Long-term transformational change has four primary aspects: scale (the change affects all or most of the school), magnitude (the degree to which it challenges the status quo), duration (the change is incremental at first and then moves to exponential), and strategic importance (how ready the culture is for adapting to change). Yet schools will only see significant change when the change occurs first at the level of the individual educational leader- be that principal, superintendent, or teacher. Real change, transformational change happens when there is personal ownership of the new technologies and concepts. Today's new economy is all about human capital, which starts with the educators in a school and then extends outward to all members of the school community.

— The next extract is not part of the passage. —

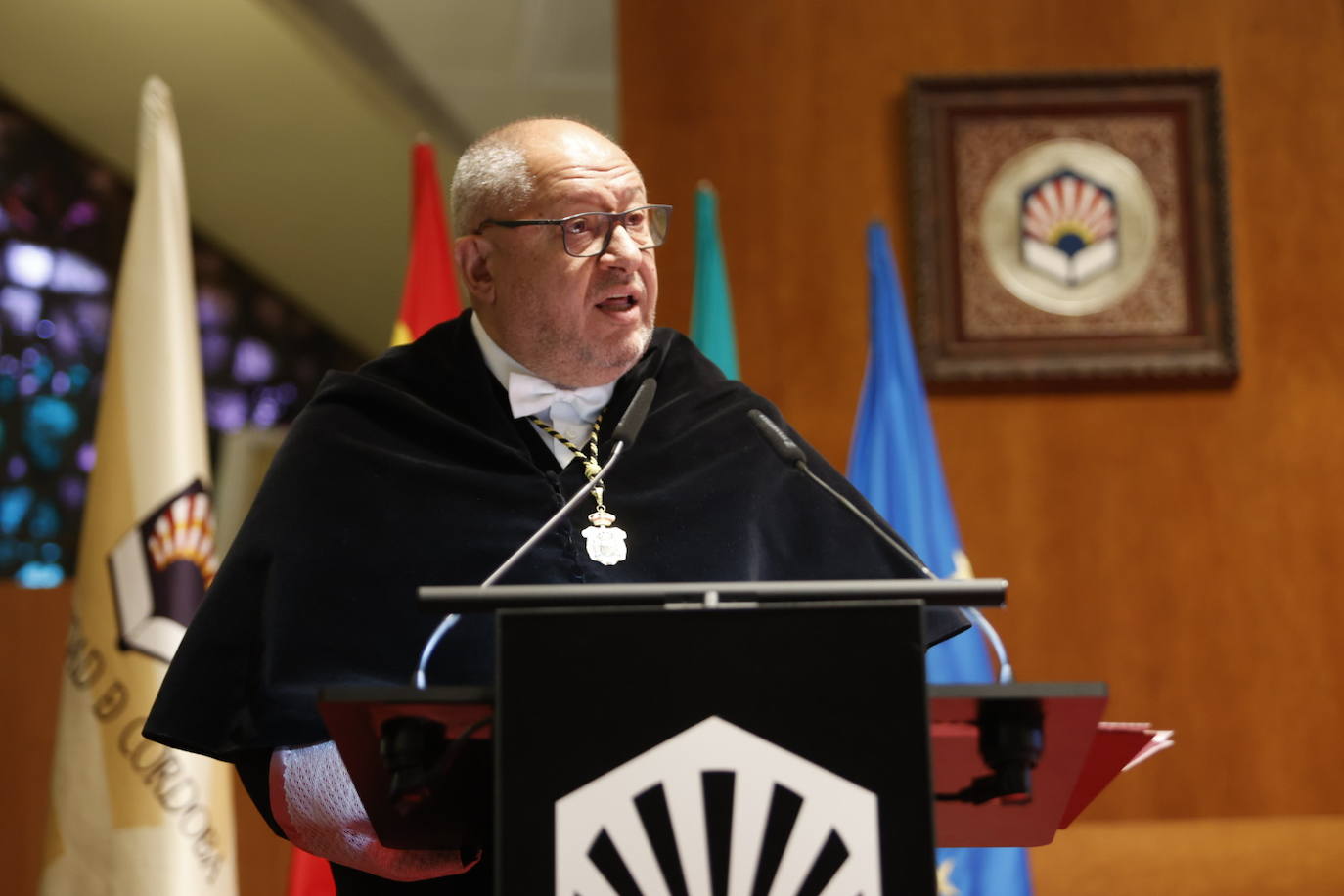Fotos: El inicio del curso 2023-2024 en la Universidad de Córdoba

1. People before Things (or test scores)

Any significant educational transformation creates “people issues.” Teachers will be asked to challenge the status quo, engage in mutual accountability, changed job descriptions, development of new skills and capabilities, and in general school staff will be unsettled and resistant to these changes. A shared approach for managing the change through learning communities — beginning with the leadership team and then engaging key stakeholders and teacher leaders — should be developed early, and utilized often as the change moves through the school or district. Trust will be developed overtime within the local community under an effective community leader. Once that happens, the community will become self-directed in how they help others through the change, and the leadership in the learning community will become shared. Working in teams ensures that individual issues are addressed without putting speed of adoption, morale, and results at risk. Teachers will need to perform and use action research to inform the reasons change is needed. Together, teams of teachers should embark in data collection and analysis discovering why a redesign of strategy, systems, or processes is needed in the 21st Century. The result-- champion building, as these teacher researchers become the biggest advocates for the change initiative and key to helping implement the ideals throughout the school.

2. Start at the Top

Because change is inherently unsettling for people at all levels of any organization and especially schools, when rumors of change begin to surface, all eyes will turn to the principal and other members of the school's leadership team for strength, support, and direction. Which means- the leaders must do more than talk a good game. They themselves must embrace the new approaches first, both to challenge and to motivate the rest of the faculty. They develop their own online voice and model the desired behaviors.Which means that superintendents, principals and teacher leaders will also be going through a learning curve and need to be supported. My personal experience in helping schools and school systems through change has been that the most successful stories come only after the leadership team went through the process of aligning and committing to the change initiative. Remember- change is caught- not taught.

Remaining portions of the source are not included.